Intellectual property can be a tricky legal area. And these days the term 'property' more than applies...
When I was in Chicago I took some great shots of the famous Wrigley Building. I haven't posted them here and I won't be using those shots anywhere apart from my photo album. Sorry, there's no set of postcards coming. I won't be using them to promote anything like a pizza sauce, or as the background of a fashion shoot either. Quite simply, I don't want to get sued.
Seen a commercial picture of the Guggenheim in Bilboa recently? Or the Swan Boats in Boston's public gardens? Or something with the Sydney Opera House on it, that's not officially licensed?
Almost anything can be copyrighted. These days anything and everything is being protected legally. Increasingly, this applies to buildings, monuments and landmarks. So much for doing anything with those holiday snaps, like flicking them onto iStock - they won't take them!
The Golden Gate Bridge in San Francisco has been trademarked, as have more and more distinctive properties, and the term ‘property release’ is starting to become a common term. Although there are apparently only a hundred or so protected buildings in the United States, you have to wonder what would happen to photographs of city skylines if you had to gather what, in effect, were model releases for all the buildings individually.
The Art Deco Chrysler Building, the New York Stock Exchange, the Flatiron Building and Rockefeller Centre have all got some form of trademark protection. In fact, a few years ago the Chrysler Building sued a souvenir maker for including its spire in a New York panorama. The Empire State Building is also trademarked. Today, skylines including these two are allowed as long as neither of the buildings are the prime focus of the photograph. For individual shots of the buildings, property releases are required.
It seems to be a common theme. If it's part of a larger city panorama, you're fine, but anything specific needs permission, investigation and probably the paying of a large amount of money. In 1998 an American photographer called Charles M. Gentile was sued by the Rock and Roll Hall of Fame for selling posters depicting its distinctive building. This raised major questions about the future of what belongs to whom, and who can use what, where.
Advertising use seems particularly frowned upon. But it leaves you asking what exactly defines commercial use? Where do the lines fall? It's a confusing area.
The actual Eiffel Tower entered into public domain a long time ago, but in 2003, the City of Paris got a bit clever and copyrighted the lights on it... meaning that technically you can't publish a shot of the Eiffel Tower at night without either getting permission or paying a fee. Daytime's fine. Nightime's not.
Of course not every old skyscraper or house can be copyrighted or protected.

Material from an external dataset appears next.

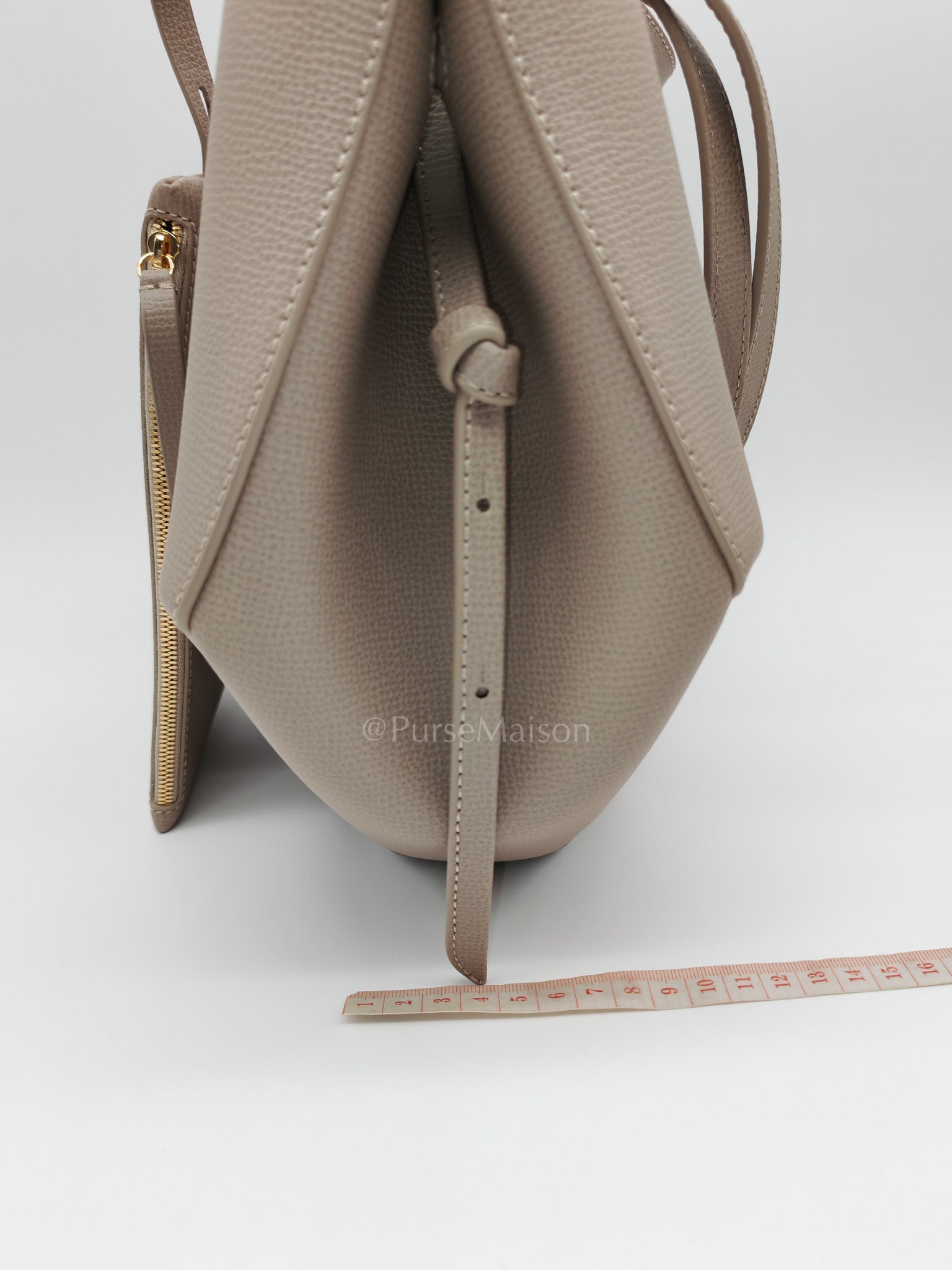 Cyme Mini in Taupe Graine Leather Tote Bag | Purse Maison Luxury Bags Shop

They must be unique and fairly iconic - the double bind that also makes them more desirable as symbolising a location or gaining instant recognition.
The Atomium in Brussels is protected and needs a building release for commercial use. Frank Lloyd Wright's Falling Water House is only allowed to be photographed for personal use without official consent. It's no surprise really that Graceland is a registered trademark. Along with Grauman's Chinese Theatre, Hearst Castle, the Hollywood sign, the Louvre and IM Pei's Pyramid, Rosslyn Chapel, the Seattle Space Needle, the Melbourne Shrine of Remembrance, the Smithsonian and Guggenheim museums around the world, the Wrigley Building in Chicago, the Sydney Opera House, and the London Eye Millennium Wheel, to name a few.
The Merlion of Singapore is protected by an act of parliament (damn, more good shots I took that are delegated to a bottom drawer). Accordingly, no pictures are available of any of these for this narrative, but I'm sure you can remember the structures. And although not officially a building, pictures or representations of Uluru, or Ayers Rock as it used to be known, have very rigid restrictions around their use.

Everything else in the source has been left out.